Il secondo intervento, che ha di fatto concluso l’incontro, è
stato breve ma molto intenso. Moni Ovadia, infatti, ha esordito dicendo di
sentirsi un privilegiato per aver avuto la possibilità di frequentare e di
avere con Don Gallo una amicizia profonda. Ed ha proseguito sottolineando che
se è vero che spesso gli Archivi sono il luogo del potere, dove vengono
sistematizzate anche le ‘malefatte’ compiute dal potere, è anche vero che poter
accedere in futuro a documentazioni affidabili consente anche a chi non ha
conosciuto o frequentato fisicamente le persone di ricostruirsi idee più
precise in merito a quanto è accaduto in passato. L’esempio personale riportato
ha riguardato la sua esperienza di aver potuto assistere alla riapertura, dopo
50 anni, degli archivi di Stalin, custoditi dai famigerati servizi segreti
della Lubjanka, scoprendo fattori di estremo interesse, rivelatori ex-post di
quanto spesso non è facile comprendere ex-ante, e potendo in altri casi ‘vibrare’
con grandi personaggi ormai scomparsi. Seguendo l’insegnamento di Primo Levi
dall’ultimo suo contributo sull’universo concentrazionario dei ‘I sommersi e i
salvati’, Moni Ovadia ha poi ricordato come la memoria umana non sia sempre
affidabile, esposta com’è a cesure, dimenticanze e omissioni; e come sia
importante valorizzare una personalità così eccentrica come Don Gallo, documentando
quanto è possibile ma cercando anche di non ‘archiviarlo’. Richiamando ancora
come sia stato per lui – deluso per molti versi dal declino delle stagioni della
cultura della fabbrica- motivo di rassicurazione apprendere che una organizzazione
così importante come la Fondazione Ansaldo che ha come missione la
ricostruzione del mondo operaio ed imprenditoriale, si sia prestata a
supportare questa operazione per molti versi ‘eccentrica’ anch’essa. Concludendo con queste parole: “Le parole ‘dette’
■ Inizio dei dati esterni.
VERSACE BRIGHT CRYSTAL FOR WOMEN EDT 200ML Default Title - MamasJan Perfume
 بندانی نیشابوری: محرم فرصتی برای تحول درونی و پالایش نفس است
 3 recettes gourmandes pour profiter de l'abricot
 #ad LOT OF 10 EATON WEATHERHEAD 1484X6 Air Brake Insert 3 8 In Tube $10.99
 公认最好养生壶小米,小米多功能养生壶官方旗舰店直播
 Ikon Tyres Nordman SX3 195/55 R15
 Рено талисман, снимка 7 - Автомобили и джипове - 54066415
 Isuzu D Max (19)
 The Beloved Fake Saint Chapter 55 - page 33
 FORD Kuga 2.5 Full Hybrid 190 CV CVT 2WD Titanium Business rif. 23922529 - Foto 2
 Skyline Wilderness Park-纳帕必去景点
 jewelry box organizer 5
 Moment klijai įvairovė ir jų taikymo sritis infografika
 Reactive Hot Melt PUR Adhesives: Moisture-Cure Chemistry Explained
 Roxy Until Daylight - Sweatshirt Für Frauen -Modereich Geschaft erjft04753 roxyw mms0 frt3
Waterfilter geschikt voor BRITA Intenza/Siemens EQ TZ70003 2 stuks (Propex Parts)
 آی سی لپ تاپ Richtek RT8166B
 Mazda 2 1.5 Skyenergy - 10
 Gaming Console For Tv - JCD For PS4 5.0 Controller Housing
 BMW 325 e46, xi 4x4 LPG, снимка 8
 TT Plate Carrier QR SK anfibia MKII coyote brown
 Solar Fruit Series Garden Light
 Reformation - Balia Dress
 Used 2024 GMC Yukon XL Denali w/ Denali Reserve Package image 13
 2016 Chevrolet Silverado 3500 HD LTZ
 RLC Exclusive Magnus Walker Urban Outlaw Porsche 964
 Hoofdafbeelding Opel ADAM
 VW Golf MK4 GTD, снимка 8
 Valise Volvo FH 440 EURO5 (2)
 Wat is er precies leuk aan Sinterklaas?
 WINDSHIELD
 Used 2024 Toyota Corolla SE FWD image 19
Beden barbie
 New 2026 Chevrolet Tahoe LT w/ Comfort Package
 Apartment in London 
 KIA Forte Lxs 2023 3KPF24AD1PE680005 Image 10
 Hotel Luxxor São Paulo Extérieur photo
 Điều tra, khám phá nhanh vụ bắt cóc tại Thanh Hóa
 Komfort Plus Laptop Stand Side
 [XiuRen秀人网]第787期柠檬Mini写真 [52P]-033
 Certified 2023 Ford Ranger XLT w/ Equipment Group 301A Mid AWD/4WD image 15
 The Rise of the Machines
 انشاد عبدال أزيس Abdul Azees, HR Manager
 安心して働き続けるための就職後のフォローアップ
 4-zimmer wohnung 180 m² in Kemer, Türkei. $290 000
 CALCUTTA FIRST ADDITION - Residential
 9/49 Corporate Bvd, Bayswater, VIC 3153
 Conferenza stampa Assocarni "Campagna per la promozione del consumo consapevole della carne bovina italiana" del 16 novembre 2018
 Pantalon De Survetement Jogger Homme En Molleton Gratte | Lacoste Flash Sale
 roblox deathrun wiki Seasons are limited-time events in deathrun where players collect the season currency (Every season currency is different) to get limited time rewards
di Don Gallo certo che sono scritte, ma sono soprattutto dette. Si potrà
quindi, con questo lavoro, ascoltare ancora una volta questo prodigioso
rivoluzionario.”
E sentendo la profonda riconoscenza che chi l’ha conosciuto
meglio è capace di esprimere, penso che il Don se li sapeva scegliere gli
amici. O forse no, la realtà è un’altra. E cioè che era lui, come pochi altri, ad
essere capace di far emergere, da tutti coloro che avevano la ventura di accompagnarlo
per un pezzo di strada, il meglio di sé. In effetti non era lui a scegliere,
era lui ad accogliere, con una chiara preferenza che sembra ripercorrere l’insegnamento
evangelico della parabola dei lavoratori della vigna: “Così gli ultimi saranno primi, e i primi ultimi.” (Matteo, 20, 1-16)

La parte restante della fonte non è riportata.